## Exercise brief:
Where a picture appears, leave it out, and print the rest of the records as they are.

## Collected data:
BEGIN
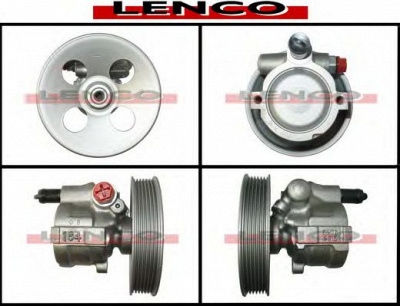 LENCO sp3031 -  Гидравлический насос, рулевое управление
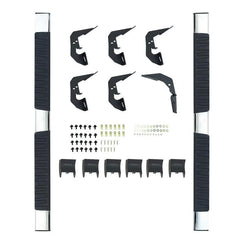 WES Nerf Bars - R7 - Black Patch Performance - WEST2871030
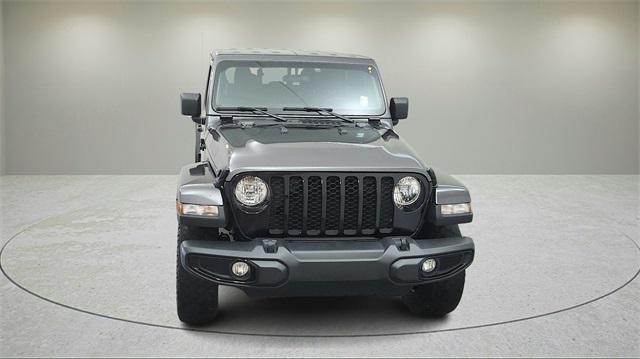 used 2022 Jeep Gladiator car, priced at $29,999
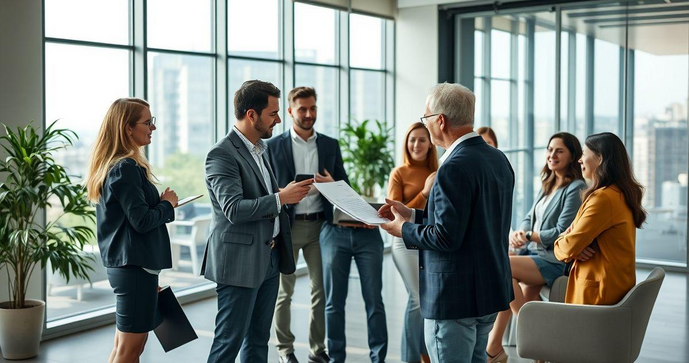 Consultoria em Gestão Empresarial: Como Escolher a Empresa Ideal para Seu Negócio Consultoria em Gestão Empresarial: Como Escolher a Empresa Ideal para Seu Negócio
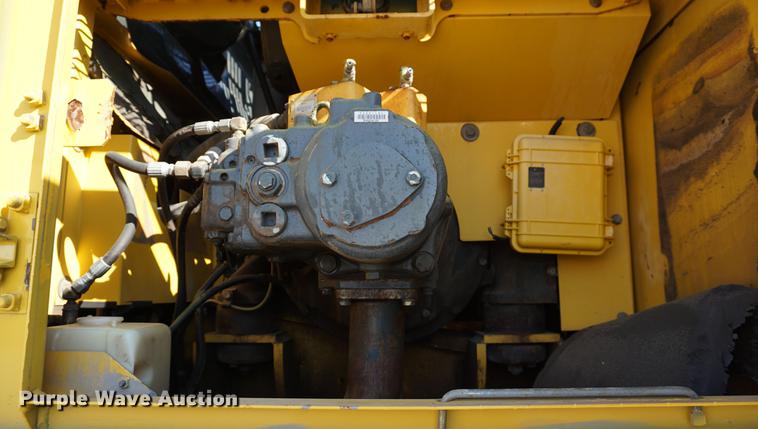 image for item DA1254 2000 Komatsu PC400LC-6LK excavator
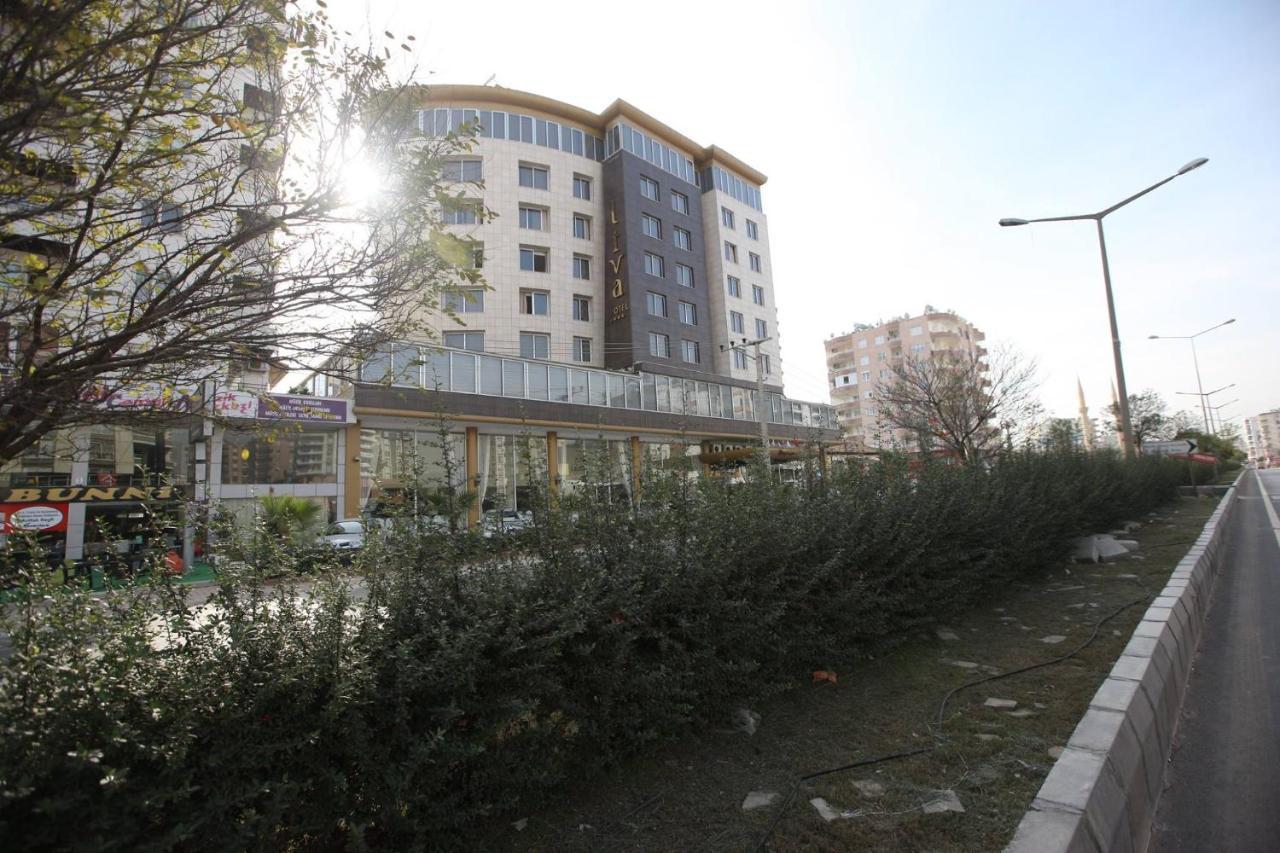 Yuecesoy Liva Hotel Spa & Convention Center Mersin Ngoại thất bức ảnh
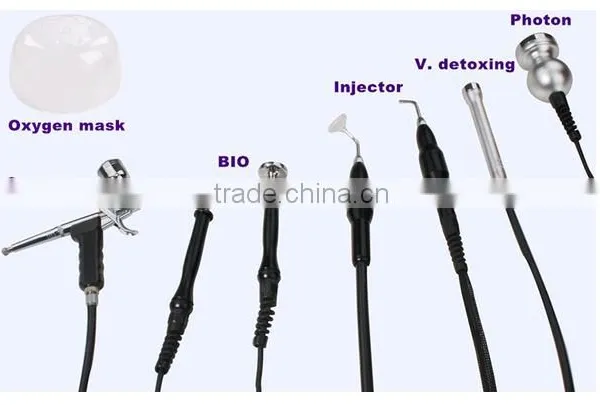High Quality Water Oxygen Jet for Skin Care photo-5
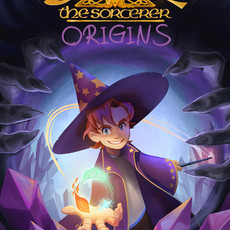 Simon The Sorcerer Origins PS4 Digital Edition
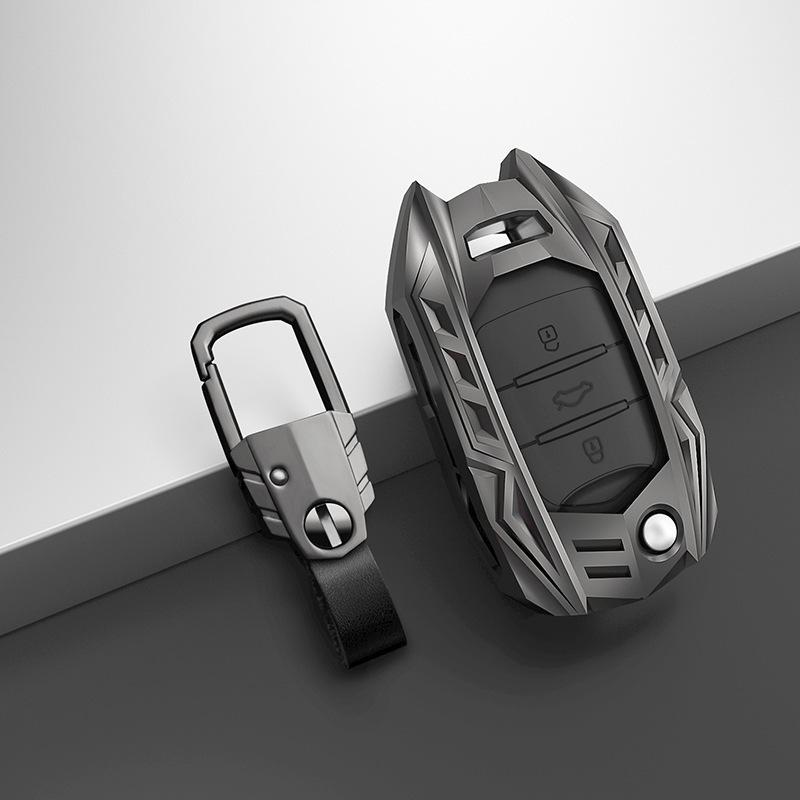 Baojun E100/530 Smart Key Cover – Signal-Friendly Protective Case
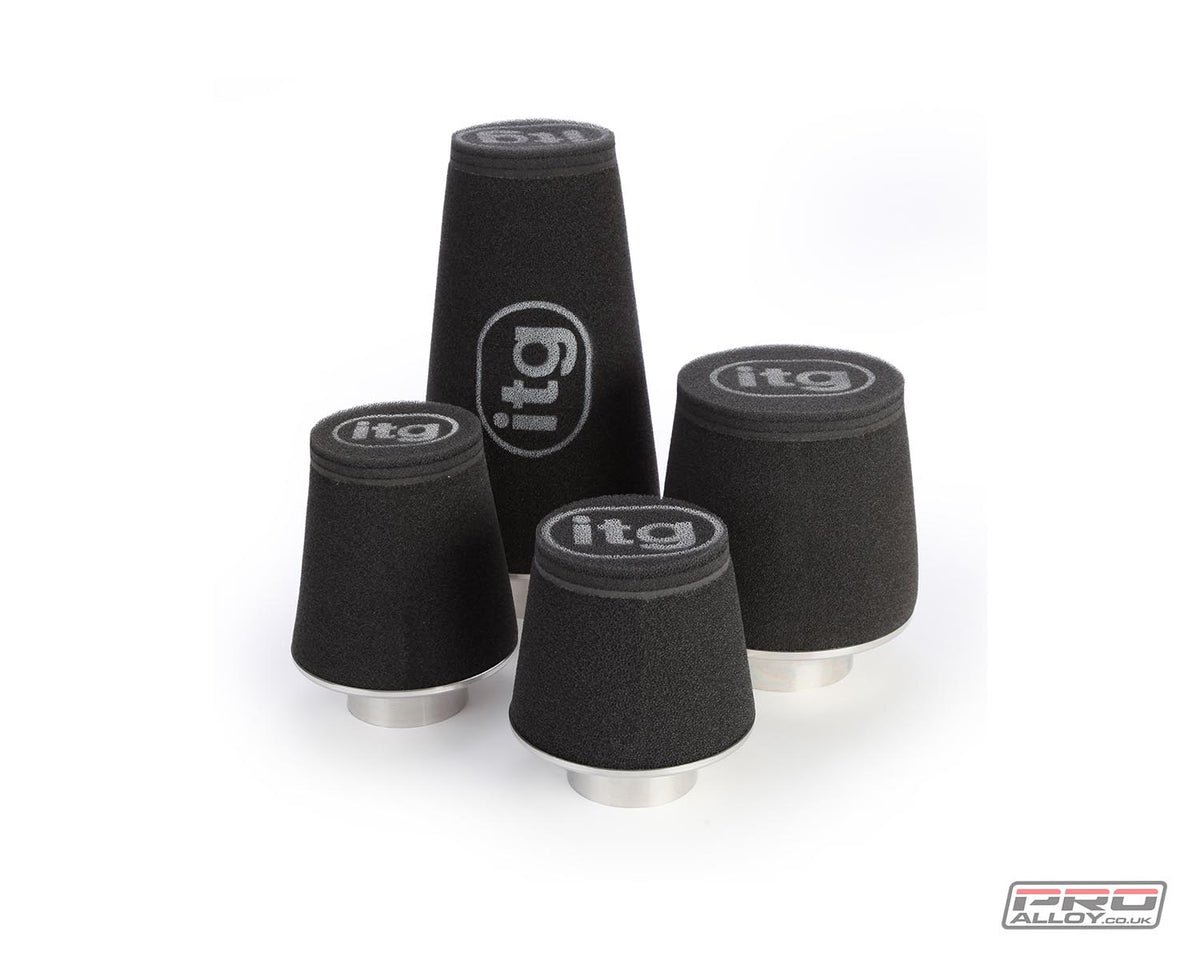 ITG Maxogen Air Filter (Large Cone) Induction Kit    - Pro Alloy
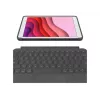 Keyboard Logitech Combo Touch QWERTZ German Smart Connector Graphite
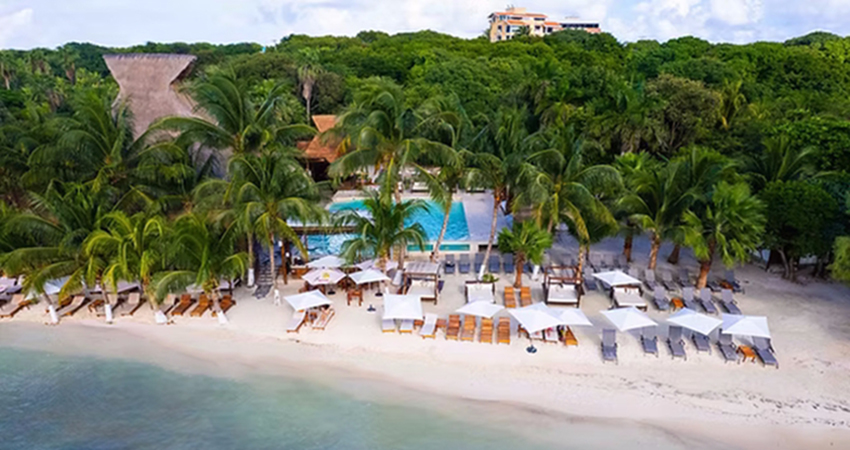 Xailing Catamarán Prime | Isla Mujeres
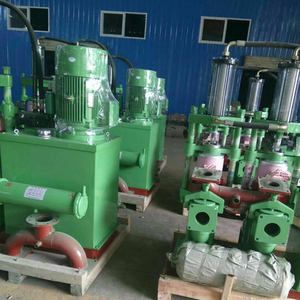 高圧油圧セラミックラム式ポンプ - Product Image 5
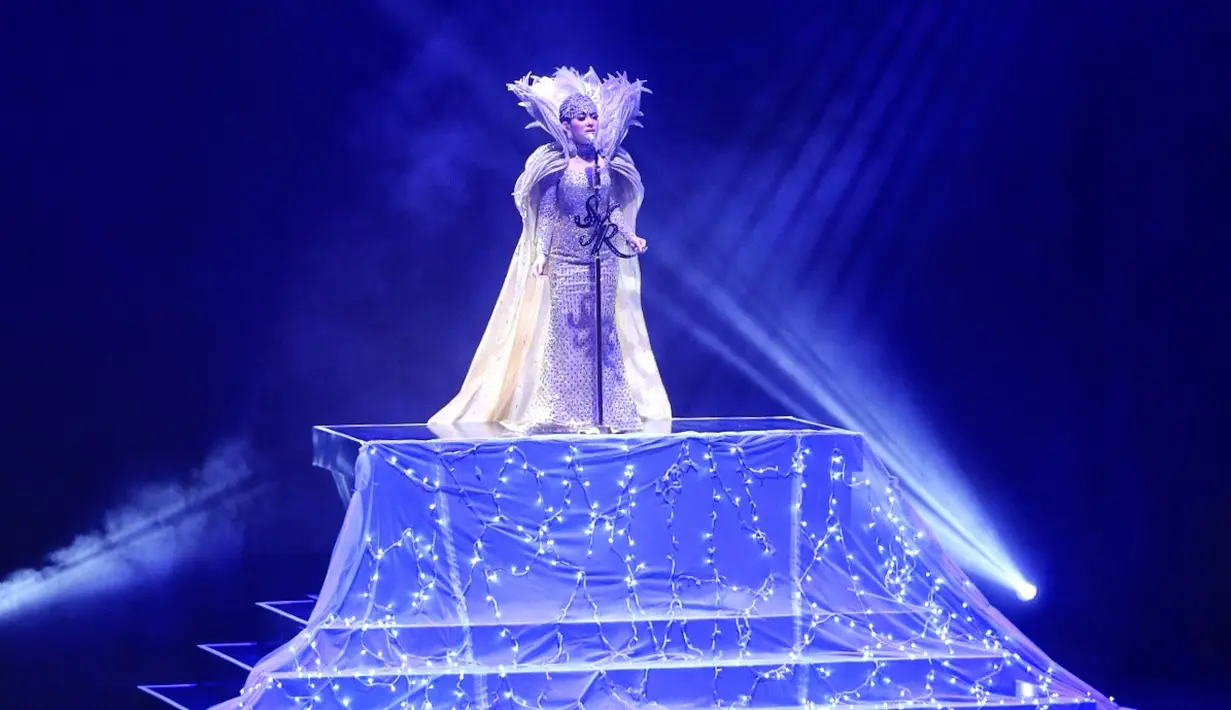 (Adrian Putra/Bintang.com)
END
## Answer box:
 LENCO sp3031 -  Гидравлический насос, рулевое управление
 WES Nerf Bars - R7 - Black Patch Performance - WEST2871030
 used 2022 Jeep Gladiator car, priced at $29,999
 Consultoria em Gestão Empresarial: Como Escolher a Empresa Ideal para Seu Negócio Consultoria em Gestão Empresarial: Como Escolher a Empresa Ideal para Seu Negócio
 image for item DA1254 2000 Komatsu PC400LC-6LK excavator
 Yuecesoy Liva Hotel Spa & Convention Center Mersin Ngoại thất bức ảnh
High Quality Water Oxygen Jet for Skin Care photo-5
 Simon The Sorcerer Origins PS4 Digital Edition
 Baojun E100/530 Smart Key Cover – Signal-Friendly Protective Case
 ITG Maxogen Air Filter (Large Cone) Induction Kit    - Pro Alloy
 Keyboard Logitech Combo Touch QWERTZ German Smart Connector Graphite
 Xailing Catamarán Prime | Isla Mujeres
 高圧油圧セラミックラム式ポンプ - Product Image 5
 (Adrian Putra/Bintang.com)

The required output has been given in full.